Monday 27 November 2017

hq2

Via Super Punch, we learn that states and municipalities in America are willing to make any sacrifice, including surrendering any pretence of the democratic process, in order to lure the second headquarters of a major on-line retailor to its doorstep. The sweetheart tax deals, which betray the rotten, saccharine decay that underlies governmental institutions that have given up and sold-out without so much as offering the least bit of resistance, will be of course a matter of prestige for the host city—but in a back-handed sort of way, as we’ve seen with other big venue events becoming rather a liability than a boon and a blessing, but that prize and the injection of fifty thousand potential jobs are demanding outsized costs.

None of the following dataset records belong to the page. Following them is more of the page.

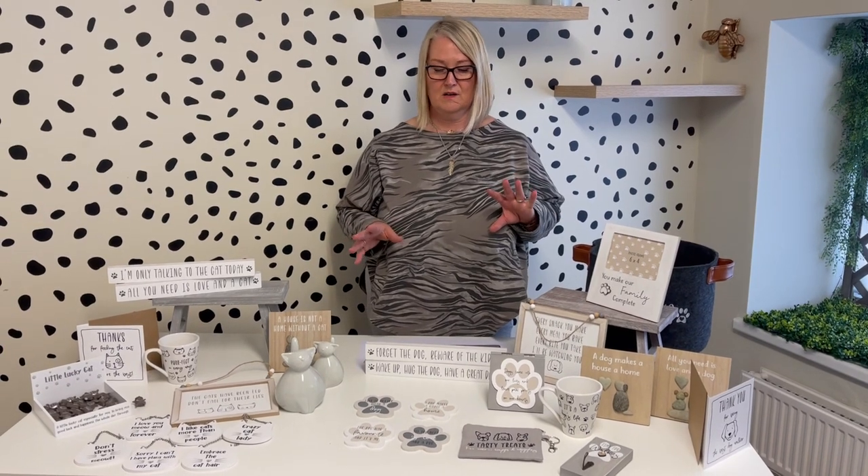Hi, it's Jane here from Langs. I'm going to take you through another one of our brand new collections for autumn 2021. This one is called Four-Legged Friends — it obviously brings in cat and dog, and some items could be used for either.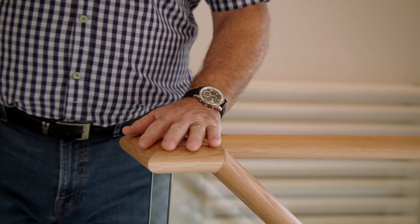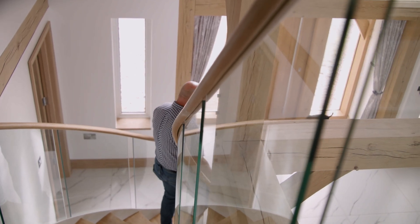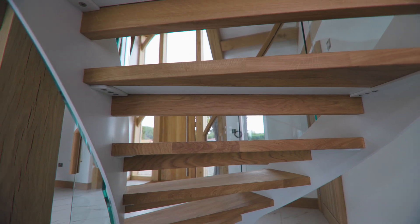My mind was put at ease with the staircase from day one because Adam was so easy to get on with, and in a way I already had a vision. My main contact was Adam, obviously, at First Step, until the fitters came.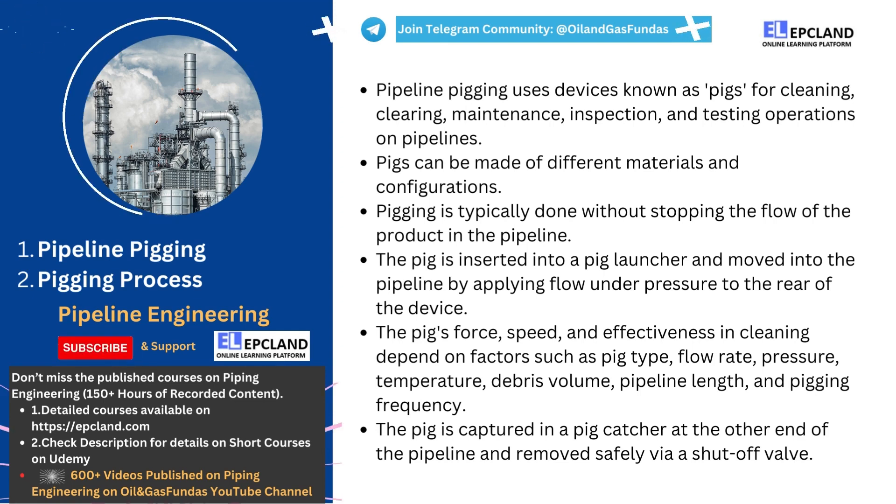For pipelines that are already in operation, pigging is performed without stopping the flow of the product in the pipeline. This technique is known as hot pigging, and it is done to avoid disrupting the supply of the product. In contrast, cold pigging is performed on pipelines that are not in operation.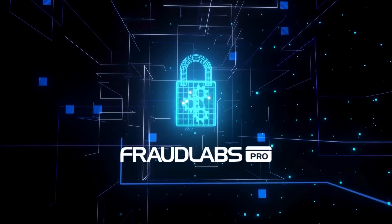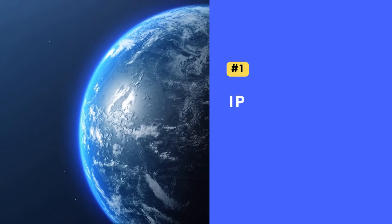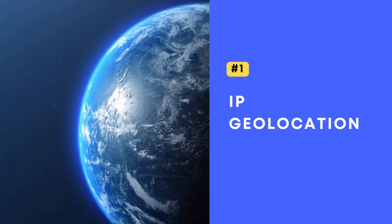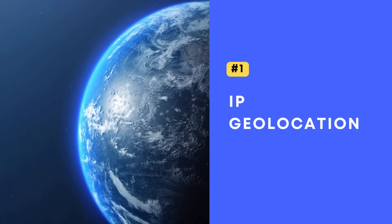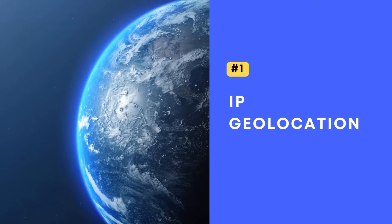Fraud prevention tools like Fraud Labs Pro check several digital footprints to stop fraud. It checks IP geolocation. If someone claims to be in New York but their IP address points to Russia, that's a significant warning sign.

Chicago—for example—has offered to divert the income tax of the company’s own employees back into the company’s coffers, and locations in California and New Jersey have offered land, billions and deferred tax payments, should they set up shop in their states. Governments have always had to play games with industry to attract and retain manufacturing and employment opportunities but a wholesale race to the bottom with democracy should illicit as much aversion and antipathy as would one would shoulder for laxer environmental or labour laws (which could be in negotiation as well, since the investigation has only been able to obtain details on a tenth of the competition) since tax revenue that could be used to fund schools, museums, food programmes, scientific research and other areas of public interest is instead going towards corporate welfare. What’s to stop the next company shopping for a tax-break to not be even bolder with its demands?   The community does not share in this enrichment and further austerity and cuts to services are justified.